The main early breeds of pig imported from Britain from the 1840s were the Berkshire, Tamworth and Large Black. The Berkshire was a black pig, considered an excellent porker, although rather fatty. Imports in the late 1920s of Canadian Berkshires improved the New Zealand strain of Berkshires and made them suitable for bacon. The Tamworth was red and, being leaner than the Berkshire, was popular as a baconer pig. The Large Black was heavy and lean, essentially killed for bacon.
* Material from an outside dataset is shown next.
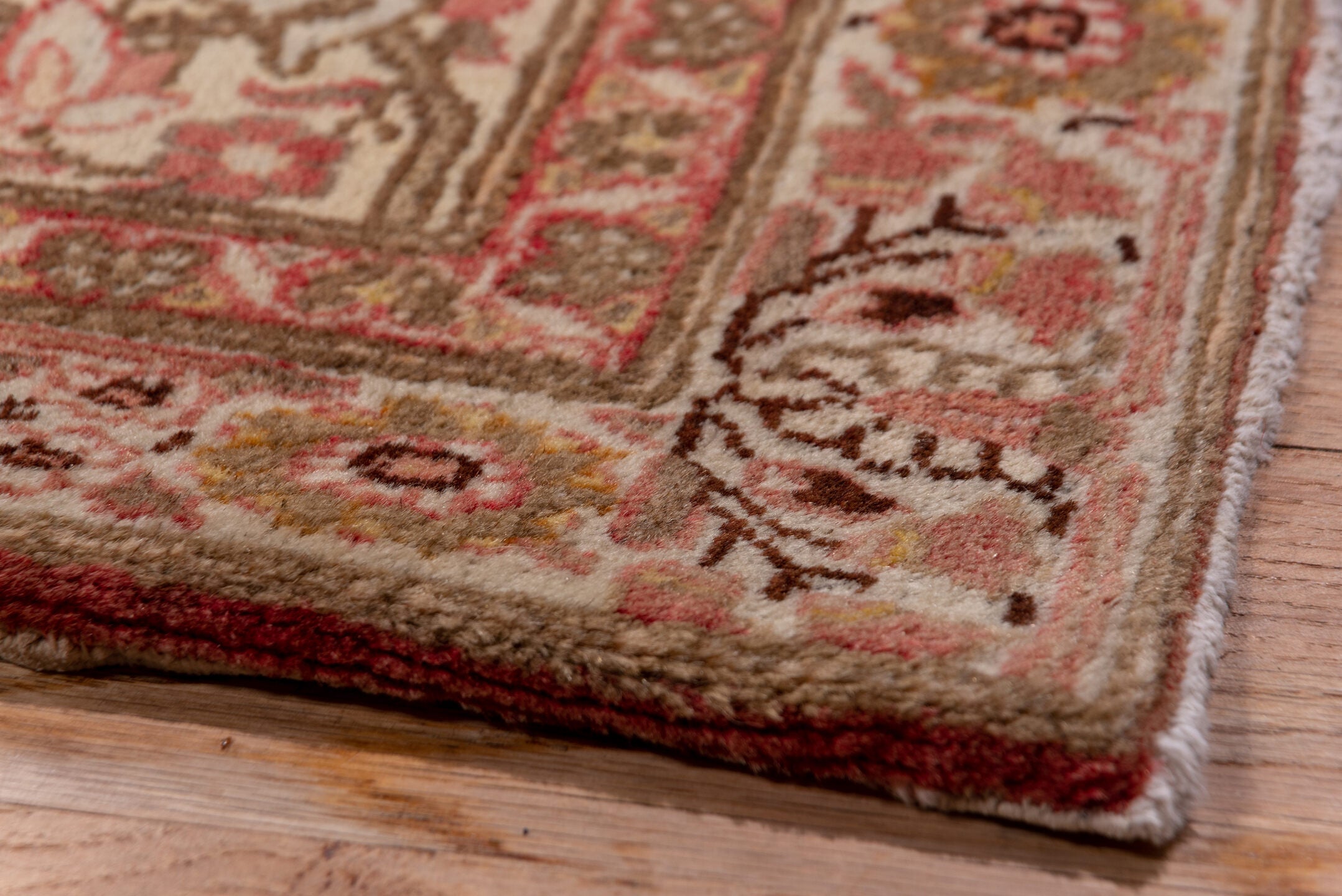9' x 12' one-of-a-kind handmade antique Tabriz large size rug. Color palette: taupe, ivory, rose, rust, camel, brown, beige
The Large White, considered to be the world's best bacon pig, was introduced into New Zealand in the late 1920s. However, although it produced well indoors, it was not suited to outdoor farms, and so became less popular. In the early 1940s, P. G. Stevens at Lincoln College, Canterbury, crossed the Large White and Tamworth to produce the Lincoln Red. This breed was popular for a time in Canterbury, but disappeared when the breeding herd died.
In 1959, Landrace pigs began to be imported from Australia. They were white and had floppy ears – unlike the pricked ears of those breeds which had until then been predominant in New Zealand.
The Berkshire pig has almost disappeared. In the early 2000s the favoured breeding combination was a Large White–Landrace female and either a Berkshire, Tamworth or Large Black, or one of the newer ‘terminal sires’ (used to produce the animal that will be sold to market). The main terminal sires used in New Zealand are boars of the Duroc and Hampshire breeds.
Individual breeds are becoming less important as the world’s major pig-breeding companies develop hybrids that grow faster and bigger on less food, and bear more live piglets.